1

I've been going through Stroustrup's Programming and Principles to teach myself c++11. In chapter 11, he describes a program that removes (turns into whitespace) any un-wanted characters from an input stream. So, for example, I could set a string to hold the characters '!' and '.'. And then I could input dog! food and receive the output dog food .

However, I'm not understanding how the string, word in main

 int main ()
    {

    Punct_stream ps {cin};
    ps.whitespace(";:,.?!()\"{}<>/&$@#%^*|~");
    ps.case_sensitive(false);

    cout<<"Please input words."<<"\n";
    vector<string> vs;
    for (string word; ps>>word;)// how does word get assigned a string? {
        vs.push_back(word);

    }

    sort(vs.begin(), vs.end());

    for (int i = 0; i<vs.size(); ++i) {
       if (i==0 || vs[i]!=vs[i-1]) cout<<vs[i]<<"\n";
     }


     }

is assigned a value through the overloaded definition of >>.

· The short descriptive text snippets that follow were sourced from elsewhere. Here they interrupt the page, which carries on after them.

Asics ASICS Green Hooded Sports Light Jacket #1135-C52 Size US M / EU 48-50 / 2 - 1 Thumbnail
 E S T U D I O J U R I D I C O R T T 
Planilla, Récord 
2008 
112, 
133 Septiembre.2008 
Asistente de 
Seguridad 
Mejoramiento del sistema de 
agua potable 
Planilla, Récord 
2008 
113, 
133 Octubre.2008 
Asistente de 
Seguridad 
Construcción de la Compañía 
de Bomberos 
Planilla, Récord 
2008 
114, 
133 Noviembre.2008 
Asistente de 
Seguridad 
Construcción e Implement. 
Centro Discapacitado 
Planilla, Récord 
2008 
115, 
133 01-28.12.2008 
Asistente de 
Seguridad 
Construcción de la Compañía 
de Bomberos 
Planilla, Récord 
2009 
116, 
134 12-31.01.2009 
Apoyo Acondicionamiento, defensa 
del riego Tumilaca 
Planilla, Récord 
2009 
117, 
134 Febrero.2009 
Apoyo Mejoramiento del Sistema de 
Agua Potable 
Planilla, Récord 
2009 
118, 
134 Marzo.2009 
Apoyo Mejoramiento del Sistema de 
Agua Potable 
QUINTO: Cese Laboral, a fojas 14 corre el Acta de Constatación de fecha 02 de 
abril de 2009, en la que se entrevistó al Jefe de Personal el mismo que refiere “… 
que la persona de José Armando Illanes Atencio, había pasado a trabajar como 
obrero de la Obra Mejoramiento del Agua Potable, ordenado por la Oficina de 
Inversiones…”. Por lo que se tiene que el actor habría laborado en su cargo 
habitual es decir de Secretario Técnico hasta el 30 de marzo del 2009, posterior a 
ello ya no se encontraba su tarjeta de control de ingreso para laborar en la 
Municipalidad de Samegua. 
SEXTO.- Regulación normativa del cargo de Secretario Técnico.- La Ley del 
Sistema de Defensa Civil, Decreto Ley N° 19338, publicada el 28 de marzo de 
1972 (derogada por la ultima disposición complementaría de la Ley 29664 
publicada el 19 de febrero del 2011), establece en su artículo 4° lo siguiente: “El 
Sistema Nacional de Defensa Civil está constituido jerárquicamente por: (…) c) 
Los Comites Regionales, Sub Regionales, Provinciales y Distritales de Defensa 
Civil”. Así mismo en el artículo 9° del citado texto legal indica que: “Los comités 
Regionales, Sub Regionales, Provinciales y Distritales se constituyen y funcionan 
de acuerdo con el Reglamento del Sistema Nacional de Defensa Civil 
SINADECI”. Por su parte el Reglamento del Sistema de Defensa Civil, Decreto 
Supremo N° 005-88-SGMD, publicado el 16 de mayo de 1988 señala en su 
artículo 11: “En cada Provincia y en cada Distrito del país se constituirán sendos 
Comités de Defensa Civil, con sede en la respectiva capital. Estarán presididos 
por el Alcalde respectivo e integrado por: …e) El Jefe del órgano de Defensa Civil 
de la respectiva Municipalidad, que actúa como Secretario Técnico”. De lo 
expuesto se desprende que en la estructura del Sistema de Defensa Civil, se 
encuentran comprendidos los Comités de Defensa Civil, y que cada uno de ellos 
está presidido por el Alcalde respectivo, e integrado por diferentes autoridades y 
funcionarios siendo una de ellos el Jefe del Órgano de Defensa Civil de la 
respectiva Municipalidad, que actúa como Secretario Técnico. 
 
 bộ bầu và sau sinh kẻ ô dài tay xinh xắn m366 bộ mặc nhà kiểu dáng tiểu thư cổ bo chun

Punct_stream& Punct_stream::operator>>(string& s)
{
  while (!(buffer>>s)) {
    if (buffer.bad() || !source.good()) return *this;
    buffer.clear();


    string line;
    getline(source,line); // get a line from source

    for (char& ch : line)
        if (is_whitespace(ch))
            ch = ' ';
        else if (!sensitive)
            ch = tolower(ch);
    buffer.str(line); //how does word become this value?


   }

   return *this;
   } 

Obviously, pointer this will be the result of >>, but I don't understand how that result includes assigning word the string of istringstream buffer. I only know the basics of pointers, so maybe that's my problem?

#include<iostream>
#include<sstream>
#include<string>
#include<vector>

using namespace std;

class Punct_stream {
public:
   Punct_stream(istream& is)
    : source{is}, sensitive{true} { }
   void whitespace(const string& s) { white = s; }
   void add_white(char c) { white += c; }
   bool is_whitespace(char c);
   void case_sensitive(bool b) { sensitive = b; }
   bool is_case_sensitive() { return sensitive; }
   Punct_stream& operator>>(string& s);

   operator bool();
private:
  istream& source;
  istringstream buffer;
  string white;
  bool sensitive;
};

Punct_stream& Punct_stream::operator>>(string& s)
{
  while (!(buffer>>s)) {
    if (buffer.bad() || !source.good()) return *this;
    buffer.clear();


    string line;
    getline(source,line); // get a line from source

    for (char& ch : line)
        if (is_whitespace(ch))
            ch = ' ';
        else if (!sensitive)
            ch = tolower(ch);
    buffer.str(line); //how does word become this value?


   }

     return *this;
   }

  Punct_stream::operator bool()
   {
      return !(source.fail() || source.bad()) && source.good(); }

  bool Punct_stream::is_whitespace(char c) {
      for (char w : white)
         if (c==w) return true;           return false;
    }

 int main ()
    {

    Punct_stream ps {cin};
    ps.whitespace(";:,.?!()\"{}<>/&$@#%^*|~");
    ps.case_sensitive(false);

    cout<<"Please input words."<<"\n";
    vector<string> vs;
    for (string word; ps>>word;)// how does word get assigned a string? {
        vs.push_back(word);

    }

    sort(vs.begin(), vs.end());

    for (int i = 0; i<vs.size(); ++i) {
       if (i==0 || vs[i]!=vs[i-1]) cout<<vs[i]<<"\n";
     }


     }
  • The value is assigned to your out parameter `s` within statement `buffer>>s` in `operator >>`. `return *this;` is done, because the author wanted to allow read chaining, such as: `ps >> word1 >> word2 >> word3`. Without returning, you would be forced to use one read, per one statement. – Algirdas Preidžius Feb 24 '16 at 11:45

1 Answers1

3

The trick is that the while loop inside operator >> has opposite logic to what you normally do when reading from a stream. Normally, you'd do something like this (and main does it, in fact):

while (stream >> aString)

Notice, however, that the while in the extractor has a negation:

Try extracting s from buffer. If you fail, do one iteration of the loop and try again.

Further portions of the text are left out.